But Clinton said Thursday he has had a change of heart. “Let me ask you the same question I have asked myself,” he said. “Will we do more to advance the cause of human rights if China is isolated.”
Basically the success of China turns all the Chicago school orthodoxy about free trade and globalism in its head. This is some good background on how “free trade” is a joke and when we decided to hand China our lunch.
THE RISE OF CHINA has created a crisis of ideology and policy for the American governing elite. The abject failure of America’s China policy was a blend of ideological blinders and conflicts of interest. Political leaders, seconded by orthodox economists, convinced themselves that by allowing China into the global system via the WTO, they would move China in the direction of liberal free-market democracy. Key people on Wall Street, notably inhabitants of the revolving door such as Robert Rubin, may have had ideological qualms or geopolitical anxieties about the rise of still-communist China. But their firms were making a fortune brokering the deals. In the academy, to be an apologist for Beijing was to get nice lecture fees and generous support for research centers.
The claims of leading figures of that era are embarrassments. George W. Bush could insist: “Economic freedom creates habits of liberty. And habits of liberty create expectations of democracy. … Trade freely with China, and time is on our side.” Tom Friedman flatly predicted, in his book The Lexus and the Olive Tree: “China’s going to have a free press. Globalization will drive it.”
None of these worthies seemed to notice that China’s state-led, semi-market economy was practicing something other than free trade. But it was convenient to believe that it was, and that challenges to China’s protection were somehow themselves protectionist.

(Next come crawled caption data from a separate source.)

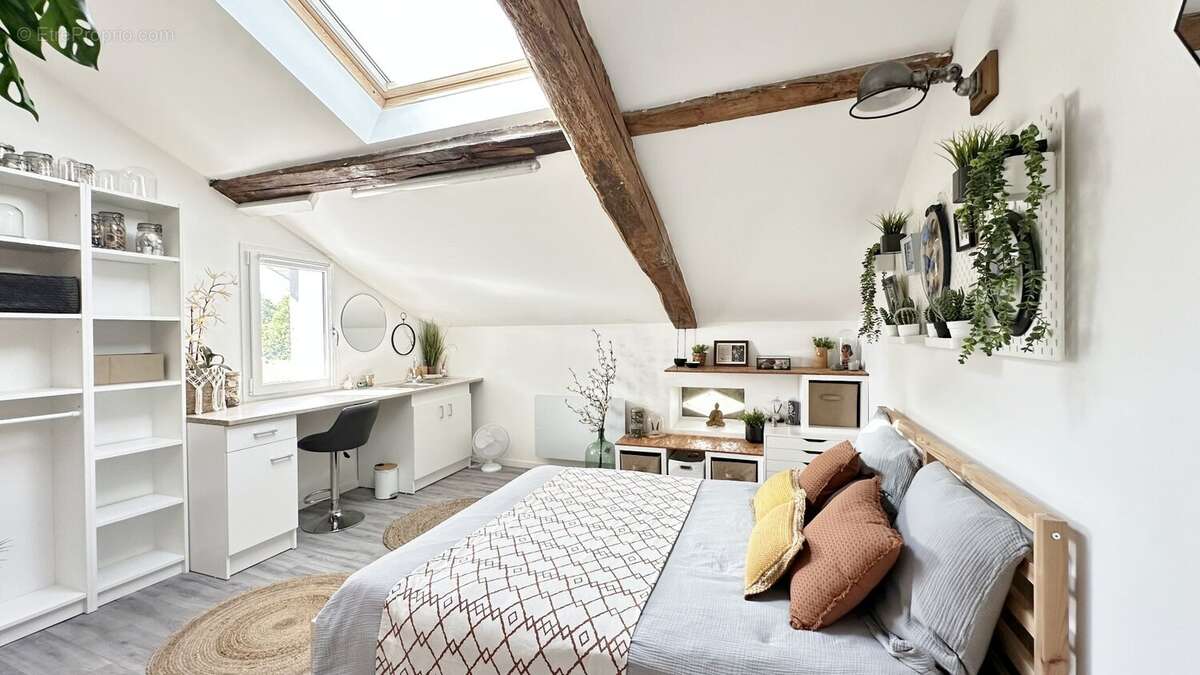 Maison à SAUBRIGUES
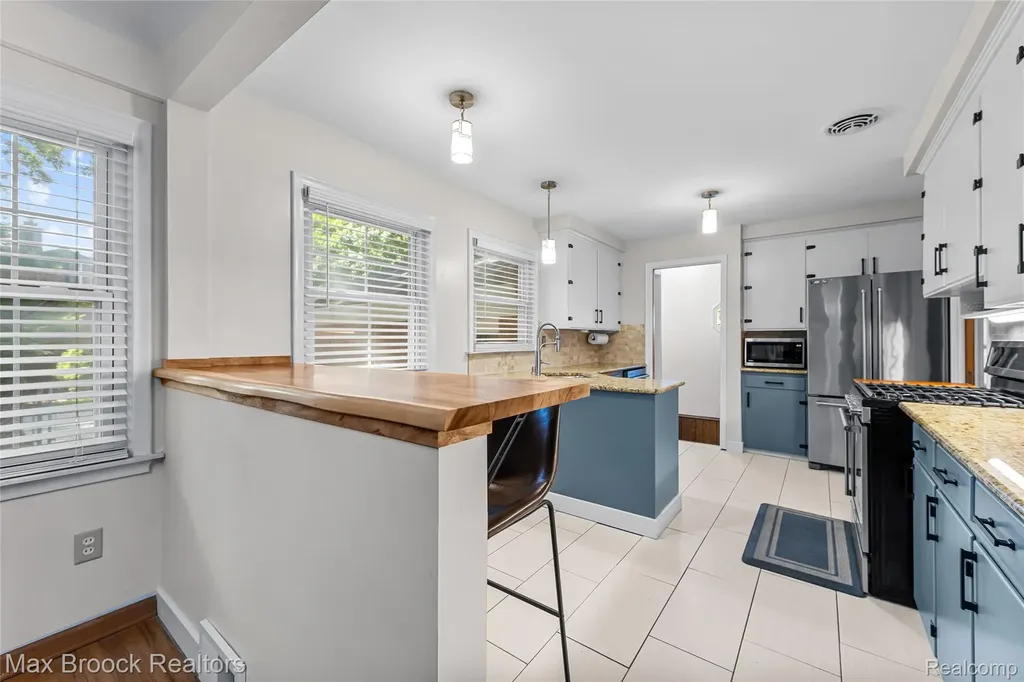 171 S Glengarry Road Bloomfield Hills City MI 48301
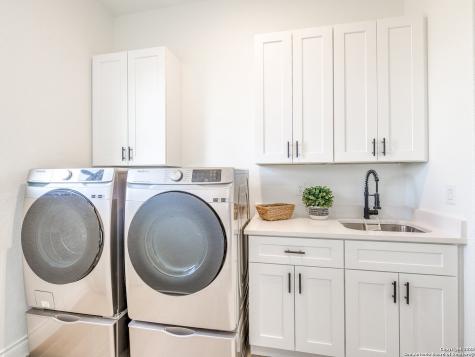 218 Edgewood Circle Bandera TX 78003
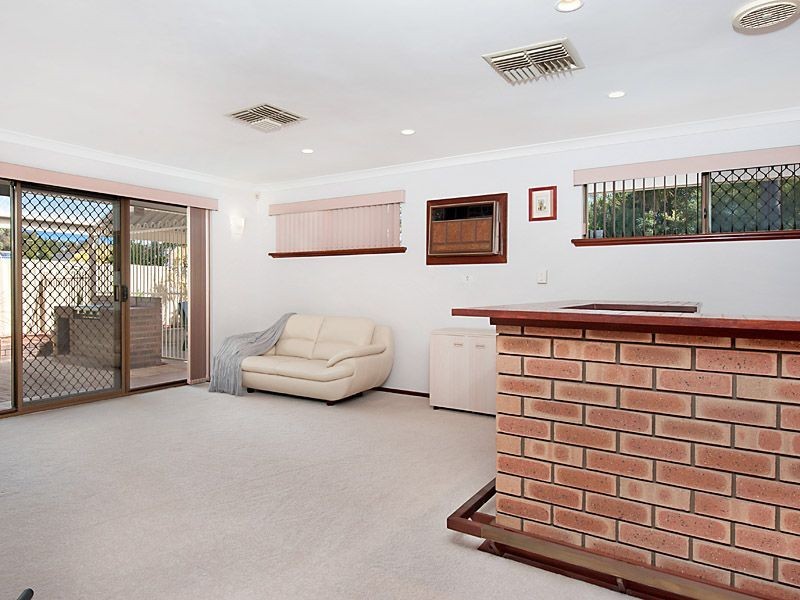 14 Crago Road, Leeming WA 6149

In the March/April issue of Foreign Affairs, flagship of the foreign policy establishment, two notables very belatedly admit that people such as themselves got China totally wrong. Kurt Campbell, former assistant secretary of state for East Asian and Pacific affairs and Ely Ratner, a senior China expert, both serving under Barack Obama, write:
Diplomatic and commercial engagement have not brought political and economic openness. Neither U.S. military power nor regional balancing has stopped Beijing from seeking to displace core components of the U.S.-led system. And the liberal international order has failed to lure or bind China as powerfully as expected.